The endoscopic-assisted microsurgical removal of a tumor model simulating a medium size vestibular schwannoma was feasible in this tumor model study emulating real surgery. Visualization of the acousticofacial bundle at the early stage of the surgical removal should theoretically decrease the risk of its inadvertent injuries as well as facilitate complete removal of the tumor. Clinical studies to validate this laboratory study are necessary 28).

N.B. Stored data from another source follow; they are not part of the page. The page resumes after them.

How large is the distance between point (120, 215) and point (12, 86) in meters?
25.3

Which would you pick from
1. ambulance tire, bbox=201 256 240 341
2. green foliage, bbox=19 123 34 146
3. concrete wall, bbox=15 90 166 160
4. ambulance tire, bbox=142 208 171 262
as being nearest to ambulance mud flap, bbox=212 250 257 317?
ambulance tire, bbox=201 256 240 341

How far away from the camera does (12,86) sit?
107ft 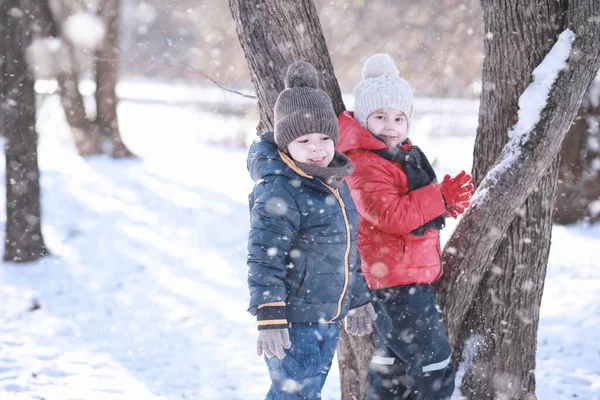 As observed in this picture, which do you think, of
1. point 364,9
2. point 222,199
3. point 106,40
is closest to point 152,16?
point 364,9

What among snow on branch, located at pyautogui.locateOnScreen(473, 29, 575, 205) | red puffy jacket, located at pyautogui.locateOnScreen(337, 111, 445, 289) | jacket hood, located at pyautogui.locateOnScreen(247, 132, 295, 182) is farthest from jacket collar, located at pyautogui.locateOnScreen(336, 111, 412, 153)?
snow on branch, located at pyautogui.locateOnScreen(473, 29, 575, 205)

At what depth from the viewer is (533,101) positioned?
2721 mm

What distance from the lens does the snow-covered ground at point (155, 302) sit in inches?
152

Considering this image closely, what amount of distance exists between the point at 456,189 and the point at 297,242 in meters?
0.77

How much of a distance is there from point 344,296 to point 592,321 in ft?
10.4

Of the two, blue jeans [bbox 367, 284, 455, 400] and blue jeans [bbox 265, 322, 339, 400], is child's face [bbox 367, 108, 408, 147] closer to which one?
blue jeans [bbox 367, 284, 455, 400]

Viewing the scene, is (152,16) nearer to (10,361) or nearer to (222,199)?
(222,199)

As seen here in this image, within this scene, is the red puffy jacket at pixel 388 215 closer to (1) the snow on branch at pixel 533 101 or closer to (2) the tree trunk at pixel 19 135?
(1) the snow on branch at pixel 533 101

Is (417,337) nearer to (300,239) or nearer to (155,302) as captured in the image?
(300,239)

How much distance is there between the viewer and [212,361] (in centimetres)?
427

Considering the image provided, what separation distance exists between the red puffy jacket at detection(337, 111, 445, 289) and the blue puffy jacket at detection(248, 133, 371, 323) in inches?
7.3

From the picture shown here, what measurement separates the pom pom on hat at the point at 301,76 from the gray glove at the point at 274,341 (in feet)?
3.29

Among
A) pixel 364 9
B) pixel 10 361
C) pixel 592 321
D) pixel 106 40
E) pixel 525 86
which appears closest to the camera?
pixel 525 86

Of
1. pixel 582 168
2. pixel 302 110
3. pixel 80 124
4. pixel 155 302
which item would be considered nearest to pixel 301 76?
pixel 302 110
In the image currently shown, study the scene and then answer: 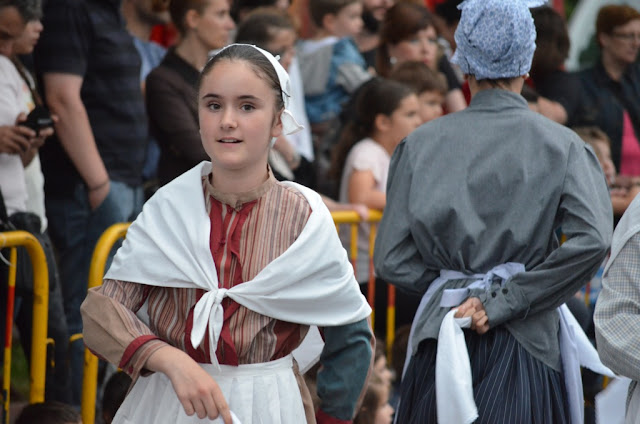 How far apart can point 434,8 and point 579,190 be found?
6197 millimetres

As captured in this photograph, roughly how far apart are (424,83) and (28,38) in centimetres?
274

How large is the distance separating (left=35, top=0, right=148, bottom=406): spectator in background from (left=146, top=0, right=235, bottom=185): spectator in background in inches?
6.2

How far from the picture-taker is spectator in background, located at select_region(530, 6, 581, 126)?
7297 millimetres

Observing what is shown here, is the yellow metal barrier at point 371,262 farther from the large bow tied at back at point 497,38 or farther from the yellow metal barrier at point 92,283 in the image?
the large bow tied at back at point 497,38

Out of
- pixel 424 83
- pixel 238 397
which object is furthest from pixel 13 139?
pixel 424 83

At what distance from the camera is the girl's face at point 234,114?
2754 millimetres

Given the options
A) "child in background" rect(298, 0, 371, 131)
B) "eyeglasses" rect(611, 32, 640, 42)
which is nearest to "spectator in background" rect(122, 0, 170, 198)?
"child in background" rect(298, 0, 371, 131)

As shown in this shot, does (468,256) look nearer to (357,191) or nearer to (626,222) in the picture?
(626,222)

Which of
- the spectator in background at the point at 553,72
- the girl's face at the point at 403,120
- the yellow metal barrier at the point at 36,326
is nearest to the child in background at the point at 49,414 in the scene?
the yellow metal barrier at the point at 36,326

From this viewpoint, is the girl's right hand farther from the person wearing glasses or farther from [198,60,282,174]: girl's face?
the person wearing glasses

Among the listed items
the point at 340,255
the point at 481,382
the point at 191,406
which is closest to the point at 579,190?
the point at 481,382

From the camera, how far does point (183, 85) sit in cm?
581

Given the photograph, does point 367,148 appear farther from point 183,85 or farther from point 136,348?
point 136,348

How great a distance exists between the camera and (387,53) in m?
7.51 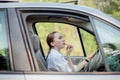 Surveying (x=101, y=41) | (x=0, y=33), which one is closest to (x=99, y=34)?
(x=101, y=41)

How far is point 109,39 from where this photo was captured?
139 inches

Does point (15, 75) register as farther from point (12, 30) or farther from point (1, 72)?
point (12, 30)

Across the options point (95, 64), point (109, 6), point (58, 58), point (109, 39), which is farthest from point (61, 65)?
point (109, 6)

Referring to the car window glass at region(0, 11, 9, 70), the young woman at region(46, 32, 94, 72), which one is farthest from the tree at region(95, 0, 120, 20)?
the car window glass at region(0, 11, 9, 70)

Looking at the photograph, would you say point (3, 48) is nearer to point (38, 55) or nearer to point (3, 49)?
point (3, 49)

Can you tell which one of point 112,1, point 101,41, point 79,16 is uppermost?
point 112,1

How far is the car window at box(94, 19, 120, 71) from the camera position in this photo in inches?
137

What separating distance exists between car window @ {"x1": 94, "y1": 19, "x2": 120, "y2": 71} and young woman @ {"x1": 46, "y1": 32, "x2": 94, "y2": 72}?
0.33 metres

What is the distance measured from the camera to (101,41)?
348 centimetres

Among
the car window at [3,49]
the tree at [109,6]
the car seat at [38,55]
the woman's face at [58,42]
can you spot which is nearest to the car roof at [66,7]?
the car window at [3,49]

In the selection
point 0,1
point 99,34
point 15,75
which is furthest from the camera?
point 0,1

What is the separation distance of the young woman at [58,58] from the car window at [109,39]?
1.10ft

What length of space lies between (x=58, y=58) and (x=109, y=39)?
0.54 metres

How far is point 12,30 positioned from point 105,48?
81cm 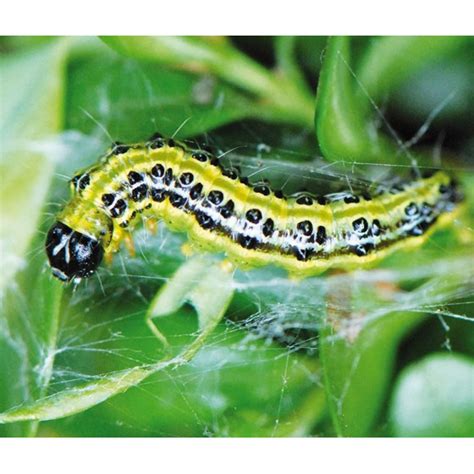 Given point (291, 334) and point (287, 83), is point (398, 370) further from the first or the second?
point (287, 83)

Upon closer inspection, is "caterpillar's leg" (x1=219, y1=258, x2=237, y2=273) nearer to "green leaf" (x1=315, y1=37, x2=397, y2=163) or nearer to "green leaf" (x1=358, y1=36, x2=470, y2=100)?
"green leaf" (x1=315, y1=37, x2=397, y2=163)

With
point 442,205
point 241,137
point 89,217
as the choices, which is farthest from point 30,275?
point 442,205

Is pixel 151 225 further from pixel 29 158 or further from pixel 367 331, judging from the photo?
pixel 367 331

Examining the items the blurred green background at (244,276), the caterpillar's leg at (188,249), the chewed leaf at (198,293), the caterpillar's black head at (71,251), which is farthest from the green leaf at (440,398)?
the caterpillar's black head at (71,251)

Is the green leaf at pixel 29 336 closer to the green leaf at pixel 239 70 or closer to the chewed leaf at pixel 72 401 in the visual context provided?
the chewed leaf at pixel 72 401

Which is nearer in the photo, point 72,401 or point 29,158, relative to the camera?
point 72,401

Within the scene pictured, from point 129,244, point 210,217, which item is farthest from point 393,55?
point 129,244

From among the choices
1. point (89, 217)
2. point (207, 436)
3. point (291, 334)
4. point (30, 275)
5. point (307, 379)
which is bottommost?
point (207, 436) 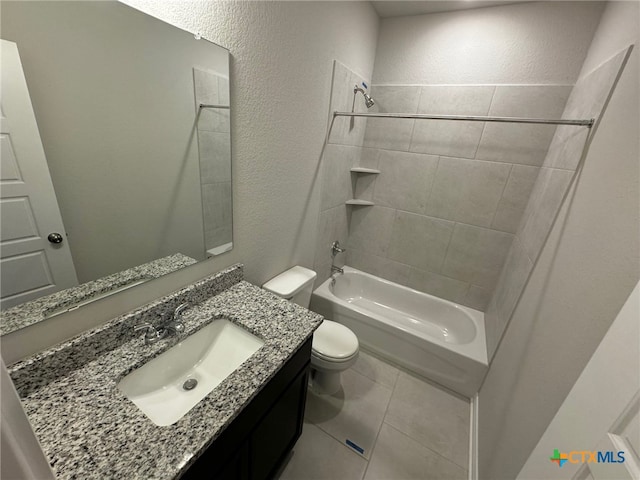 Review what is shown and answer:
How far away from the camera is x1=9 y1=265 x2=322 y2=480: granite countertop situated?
22.8 inches

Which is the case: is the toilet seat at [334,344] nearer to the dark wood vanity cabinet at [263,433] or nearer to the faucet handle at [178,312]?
the dark wood vanity cabinet at [263,433]

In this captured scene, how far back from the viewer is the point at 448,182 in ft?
6.84

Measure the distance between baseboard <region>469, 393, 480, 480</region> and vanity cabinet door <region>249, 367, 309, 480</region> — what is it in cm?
98

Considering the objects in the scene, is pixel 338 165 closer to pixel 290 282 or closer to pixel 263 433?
pixel 290 282

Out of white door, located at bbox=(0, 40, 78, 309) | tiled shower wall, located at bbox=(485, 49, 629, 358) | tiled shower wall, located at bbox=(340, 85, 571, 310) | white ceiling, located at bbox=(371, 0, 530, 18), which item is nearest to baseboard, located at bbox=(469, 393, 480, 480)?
tiled shower wall, located at bbox=(485, 49, 629, 358)

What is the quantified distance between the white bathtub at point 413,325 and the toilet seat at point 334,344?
0.41 metres

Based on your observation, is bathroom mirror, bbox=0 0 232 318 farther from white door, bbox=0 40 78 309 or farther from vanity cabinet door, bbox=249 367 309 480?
vanity cabinet door, bbox=249 367 309 480

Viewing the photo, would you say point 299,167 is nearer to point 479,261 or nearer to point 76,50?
point 76,50

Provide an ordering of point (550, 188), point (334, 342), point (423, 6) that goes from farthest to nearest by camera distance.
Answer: point (423, 6), point (334, 342), point (550, 188)

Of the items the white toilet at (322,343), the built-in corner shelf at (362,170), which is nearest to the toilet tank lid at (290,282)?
the white toilet at (322,343)

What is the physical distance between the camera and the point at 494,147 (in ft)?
6.19

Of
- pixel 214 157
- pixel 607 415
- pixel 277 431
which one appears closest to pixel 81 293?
pixel 214 157

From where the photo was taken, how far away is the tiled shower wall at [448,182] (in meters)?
1.82

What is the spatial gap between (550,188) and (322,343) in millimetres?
1644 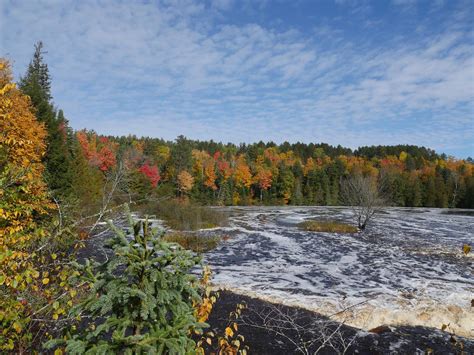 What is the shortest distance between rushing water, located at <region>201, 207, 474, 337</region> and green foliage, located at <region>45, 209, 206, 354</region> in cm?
684

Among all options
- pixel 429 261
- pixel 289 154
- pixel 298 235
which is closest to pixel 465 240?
pixel 429 261

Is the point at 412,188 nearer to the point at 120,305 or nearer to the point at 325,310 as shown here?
the point at 325,310

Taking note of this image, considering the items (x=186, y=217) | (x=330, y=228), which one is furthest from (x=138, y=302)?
(x=330, y=228)

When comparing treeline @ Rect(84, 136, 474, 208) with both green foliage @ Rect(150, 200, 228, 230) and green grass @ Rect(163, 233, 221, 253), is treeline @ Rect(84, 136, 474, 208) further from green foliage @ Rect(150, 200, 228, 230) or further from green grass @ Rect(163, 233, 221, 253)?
green grass @ Rect(163, 233, 221, 253)

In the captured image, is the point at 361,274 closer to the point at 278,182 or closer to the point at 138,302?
the point at 138,302

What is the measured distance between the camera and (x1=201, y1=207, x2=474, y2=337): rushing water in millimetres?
10445

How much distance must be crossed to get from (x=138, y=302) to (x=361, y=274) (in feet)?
46.5

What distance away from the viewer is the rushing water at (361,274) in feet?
34.3

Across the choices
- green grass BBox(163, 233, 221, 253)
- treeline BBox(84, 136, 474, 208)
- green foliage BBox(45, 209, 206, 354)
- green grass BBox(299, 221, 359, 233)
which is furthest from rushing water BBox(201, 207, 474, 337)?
treeline BBox(84, 136, 474, 208)

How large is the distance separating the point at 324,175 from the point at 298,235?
56523 mm

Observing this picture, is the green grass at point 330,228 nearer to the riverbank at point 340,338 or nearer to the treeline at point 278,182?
the riverbank at point 340,338

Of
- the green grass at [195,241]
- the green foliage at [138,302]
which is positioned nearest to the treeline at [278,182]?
the green grass at [195,241]

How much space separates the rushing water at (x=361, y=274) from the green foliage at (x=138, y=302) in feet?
22.4

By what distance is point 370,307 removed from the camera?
1061cm
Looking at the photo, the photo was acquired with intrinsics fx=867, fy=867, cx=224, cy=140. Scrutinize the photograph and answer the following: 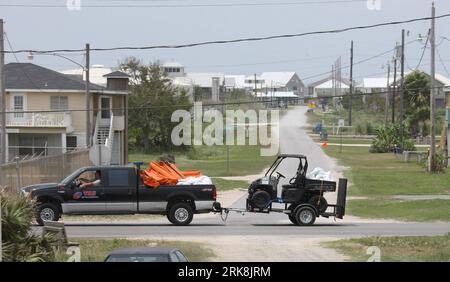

A 20 mm hole made backwards from the midpoint of the asterion to the mastoid process is suitable for a retrosigmoid keyhole approach with the aid of an endoscope. The endoscope-assisted retrosigmoid keyhole approach can be considered an effective and safe method for removal of vestibular schwannoma.
With the aid of an endoscope, we simulated surgical procedures in 30 sides of 15 formalin-fixed cadaver heads.
(1) For 24 (80%) sides, the midpoint of the top notch to the mastoid process was in the anterior edge of the sigmoid sinus; for 27 sides (90%) the midpoint of the asterion to the mastoid process was in the posterior edge of the sigmoid sinus. (2) The IAC and CPA were exposed by the retrosigmoid keyhole approach with the aid of the endoscope 29).
A retrosigmoid approach to the IAC was performed on 10 whole fresh cadaveric heads after acquiring high-resolution computed tomographic scans (120 kV; slice thickness, 1 mm; field of vision, 40 cm; matrix, 512 x 512) with permanent bone-implanted reference markers. Drilling of the posterior wall of the IAC was executed with image guidance. Its most lateral area was visualized using endoscopy.
Target registration error for the procedure was 0.28 to 0.82 mm (mean, 0.46 mm; standard deviation, 0.16 mm). The measured length of the IAC along its posterior wall was 9.7 +/- 1.6 mm. The angle of drilling (angle between the direction of drill and the posterior petrous surface) was 43.3 +/- 6.0 degrees, and the length of the posterior wall of the IAC drilled without violating the integrity of the labyrinth was 7.2 +/- 0.9 mm. The surgical maneuvers in the remaining part of the IAC, including the fundus, were performed using an angled endoscope.
Frameless navigation using high-resolution computed tomographic scans and bone-implanted reference markers can provide a “roadmap” to maximize safe surgical exposure of the IAC without violating the labyrinth and leaving a small segment of the lateral IAC unexposed. Further exposure and surgical manipulation of this segment, including the fundus without additional cerebellar retraction and labyrinthine injury, can be achieved using an endoscope. Use of image guidance and an endoscope can help in exposing the entire posterior aspect of the IAC including its fundus without violating the labyrinth through a retrosigmoid approach. This technique could improve hearing preservation in vestibular schwannoma surgery 30).